Simply the act of "develop[ing] Java apps" falls entirely within a fair interpretation of the license. The difference is best understood in the Solicitor General's Brief (pg. 5 http://www.scribd.com/doc/266703948/Goog-v-Oracle-Solicitor-...):

Although a Java programmer is free to write new code from scratch without relying on prewritten methods, the Java Standard Library provides convenient building blocks for writing computer programs.

Although respondent [Oracle] does not claim a copyright interest in the Java language itself, respondent owns a copyright in the Java Standard Library. Pet App. 7. Respondent makes the Java Standard Library available to computer programmers under any of three copyright licenses, including a conditional royalty-free license. See id. at 7-8.
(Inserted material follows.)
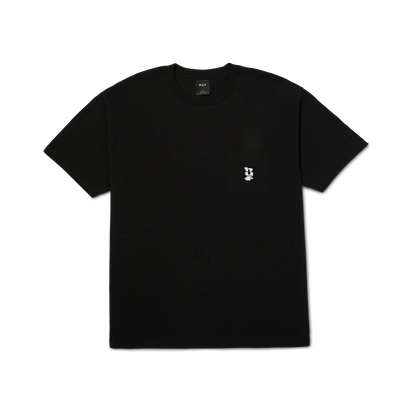 Huf Megablast Pocket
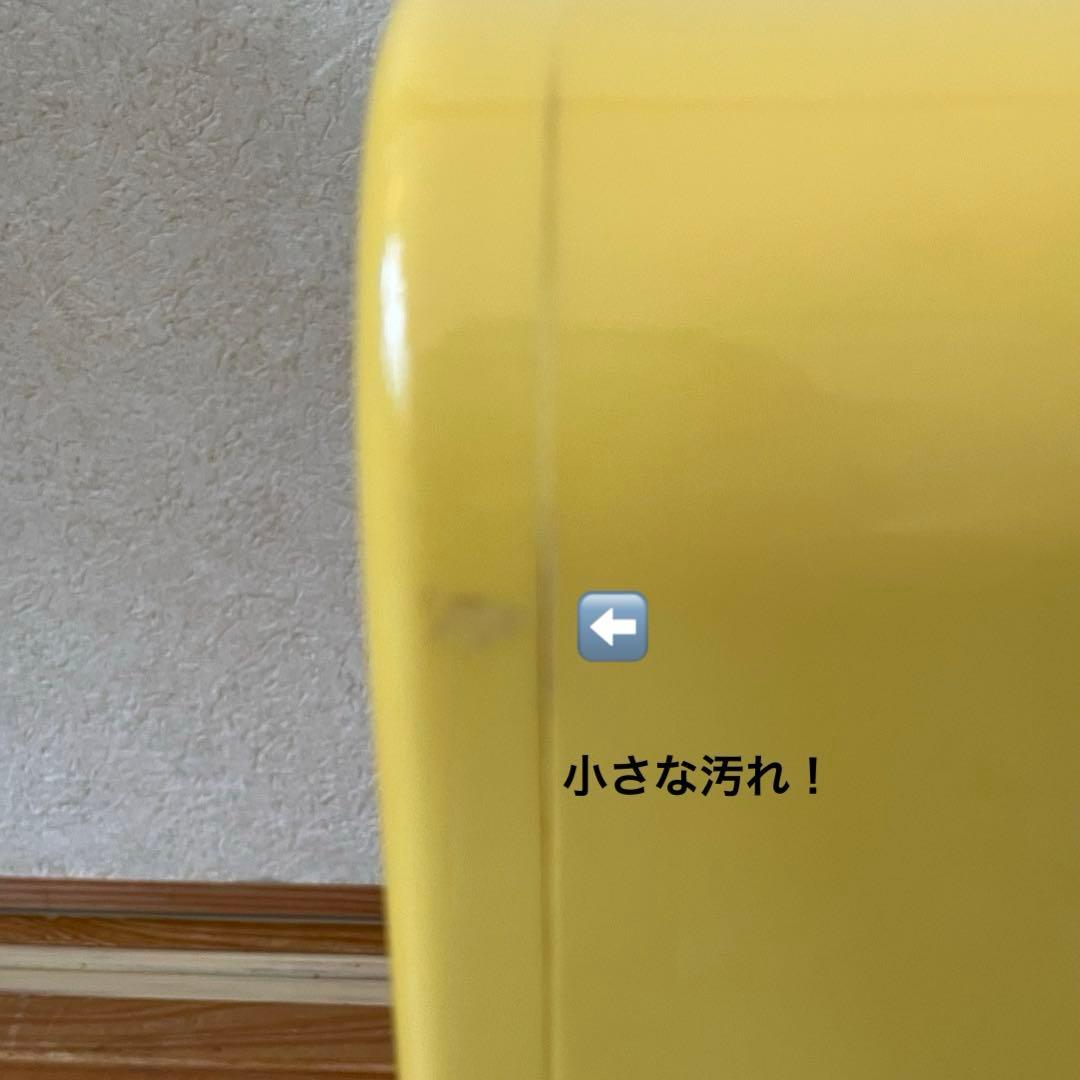 くまのプーさん 冷温庫 ポータブル 車内OK 通電確認済み 新品未使用❣️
On page 7: Petitioner [Google] assets that it copied the declaring code so that programmers familiar with the Java platform would be able to switch over to the Android platform without having to learn entirely new commands for invoking commonly used methods.

In total, petitioner copied approximately 7000 lines of declaring code.
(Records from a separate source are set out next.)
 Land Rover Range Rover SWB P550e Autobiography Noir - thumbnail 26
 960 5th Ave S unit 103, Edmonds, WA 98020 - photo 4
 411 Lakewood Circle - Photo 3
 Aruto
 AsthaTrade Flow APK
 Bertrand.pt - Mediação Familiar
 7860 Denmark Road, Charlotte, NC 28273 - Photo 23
Herein lies the core issue -- Google did not have a prearranged license agreement to copy the declaring code of Java's standard library, and in doing so infringed on the copyright by using it in their own platform.
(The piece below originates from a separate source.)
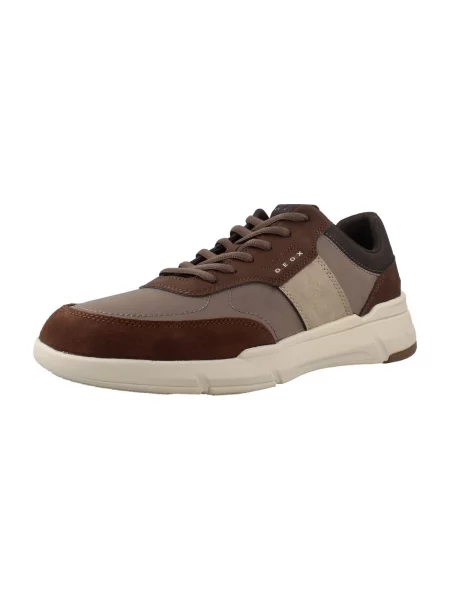 Pantofi Geox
Section F of the Oracle Binary Code License reads JAVA TECHNOLOGY RESTRICTIONS. You may not create, modify, or change the behavior of, or authorize your licensees to create, modify, or change the behavior of, classes, interfaces, or subpackages that are in any way identified as "java", "javax", "sun", “oracle” or similar convention as specified by Oracle in any naming convention designation.

tldr; Consider a painting created by an artist. A photographer comes along and thinks, "great painting!" and snaps a photo. If the photographer goes on to distribute and replicate the photograph of this painting (without an agreement with the artist) and earns a profit, the photographer has infringed on the artist's copyright.

2 comments

Try a different example, because art appropriation is pretty well-developed. http://www.theverge.com/2015/5/30/8691257/richard-prince-ins...
Take your own advice, that article concludes with "Patent and copyright attorney John Arsenault told Fstoppers that New Portraits, although it looks like a case of outright plagiarism, might be a little more complex if it were argued in a legal context."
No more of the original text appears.